Wenn du der Short Stack oder Middle Stack bist
- Bestehe auf ICM als Basislinie. Purer Chip-Chop ist die Steuer des Leaders auf dein Überleben – in unserem Beispiel kostet es den Short Stack $1.771. Sag es deutlich: „Chips sind kein Geld, lass uns ICM rechnen.“
- Benutze den Rechner laut. Ziehe die ICM-Zahlen auf deinem Handy hoch und zeige sie. Es ist für einen Leader sehr schwer, mit einer transparenten, Standardberechnung zu argumentieren, die jeder sehen kann.
- Akzeptiere einen moderaten Save, wenn der Leader die Trophäe braucht – es kostet dich fast nichts und bringt den Deal zustande. Deine ICM equity jetzt zu sichern, ist eine riesige Varianzreduzierung, wenn du derjenige bist, der am wahrscheinlichsten als Nächster busten wird.
Fallstricke – lies dies, bevor du die Hände schüttelst
- Verhandele keinen echten Edge weg. Die obige Mathematik ist Skill-neutrale Mathematik. Wenn du zerstörst, ist deine wahre equity höher als deine ICM equity, und jedes Modell, das dich nach ICM bezahlt, unterbezahlt dich. Deals sind für Felder, wo Edges klein sind oder Stacks flippy sind.
- Berücksichtige die Blinds und Struktur. Reines ICM ignoriert, dass bei 8bb effektiv und einem Button, der gleich zwei All-ins gegenübersteht, „Chip equity“ fragil ist. Wenn die Big Blind einen Short Stack fressen will, ist die realisierte equity des Short Stacks unter seiner statischen ICM-Zahl – Leader können fairerweise einen kleinen Aufschlag argumentieren. Umgekehrt begünstigen tiefe Stacks mit Spielraum den erfahrenen Spieler, nicht die Chipanzahl.
- Hole die Zahlen genau richtig ein, bevor du zustimmst – schätze es niemals ab. Eine 40%ige Schwankung für den Short Stack hängt vollständig von der Wahl zwischen Chip-Chop vs. ICM ab. Führe die tatsächlichen Berechnungen durch: shadepoker's ICM Rechner gibt dir die ICM $-equity jedes Spielers in Sekunden, und du kannst die Chip-Chop-Aufteilung daneben berechnen, damit du genau siehst, was jedes Modell zahlt, bevor jemand die Hände schüttelt. Diese Zahlen am Tisch zu zeigen, ist auch dein stärkstes Verhandlungswerkzeug – transparente Mathematik schlägt Gefühle.
- Bestätige, wer wie auszahlt. Live hält der Floor normalerweise einen Teil zurück (das „Trophäen-Geld“), das noch ausgespielt werden muss; online sperrt die Deal-Funktion des Raumes die Zahlen sofort. Kenne die Mechanismen deines Veranstaltungsortes, bevor du mündlich zustimmst, und bestätige, ob der vereinbarte Save Winner-Take-All oder aufgeteilt wird.

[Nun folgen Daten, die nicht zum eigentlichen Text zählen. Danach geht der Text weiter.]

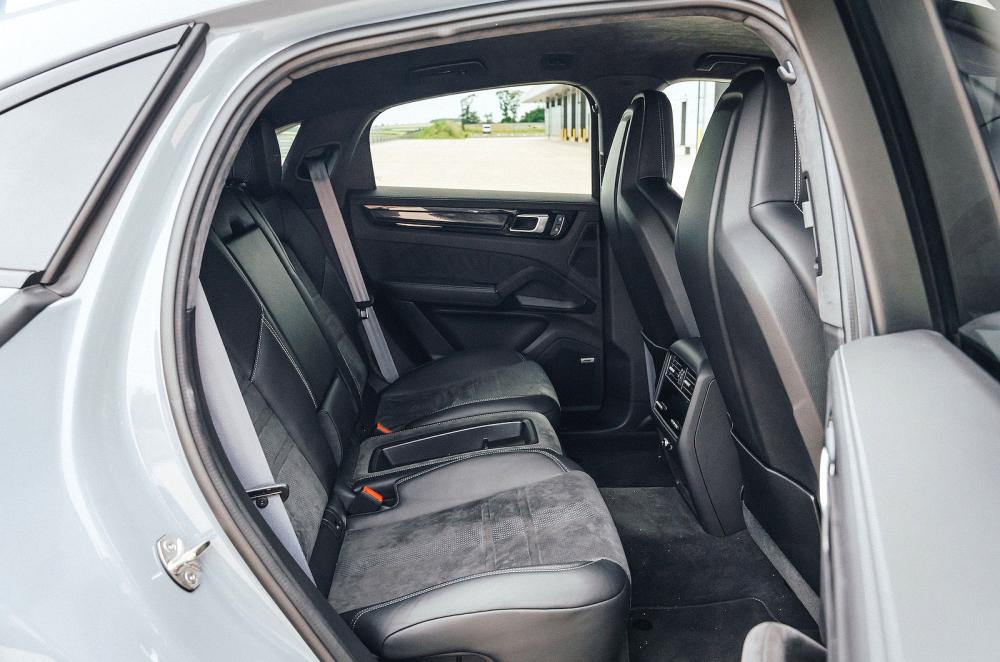 Porsche Cayenne Coupé back seats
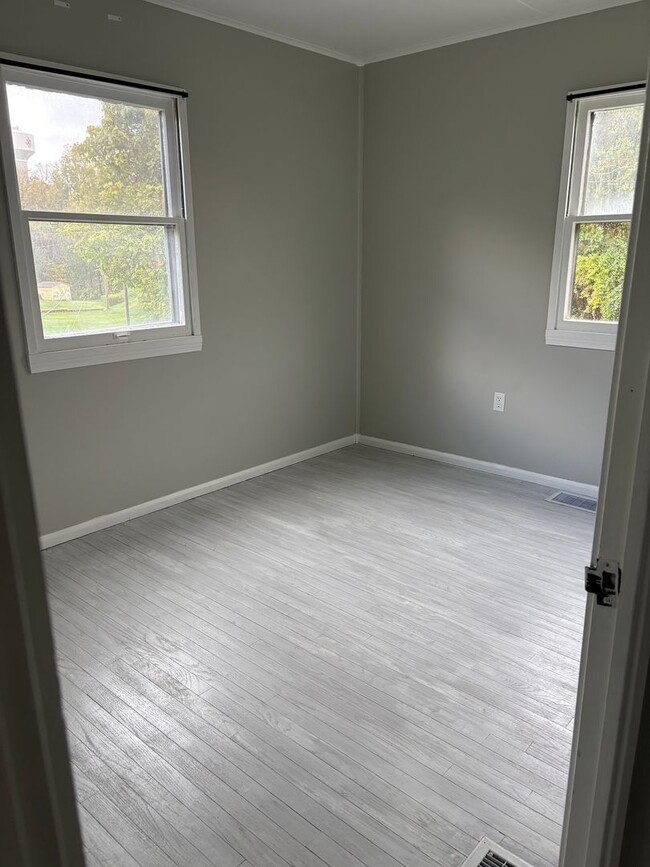 Building Photo - Two Bedroom House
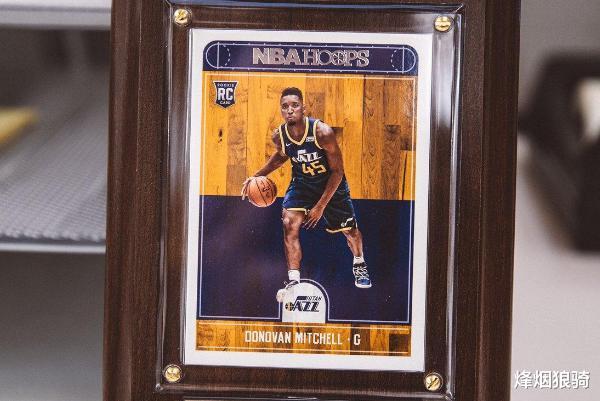 |一张卡片卖到1200万！很多人都有的这个赠品，如今撑起数十亿市场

- Halte die mündliche Vereinbarung präzise. „ICM mit einem $2k Save, Winner-Take-All auf den Save“ ist eindeutig. „Lass es uns einfach aufteilen“ ist, wie Streitigkeiten beginnen.
Die Kernbotschaft
An einem Final Table verhandelst du häufig um mehr EV, als Stunden des Spiels jemals produzieren könnten, und das gesamte Ergebnis hängt davon ab, welches Modell der Tisch annimmt. Chip-Chop zahlt dem Leader; ICM zahlt das Überleben; der Save teilt den Unterschied mit einer Trophäe obendrauf.
Wisse, welches Modell dich begünstigt, bevor du den Mund aufmachst, rechne die echten ICM-Zahlen durch, anstatt der Tisch-Arithmetik zu vertrauen, und – egal auf welchem Sitz du bist – lass nicht versehentlich Geld auf dem Tisch liegen. Lass es nur absichtlich dort, als Save, mit den Zahlen vor dir.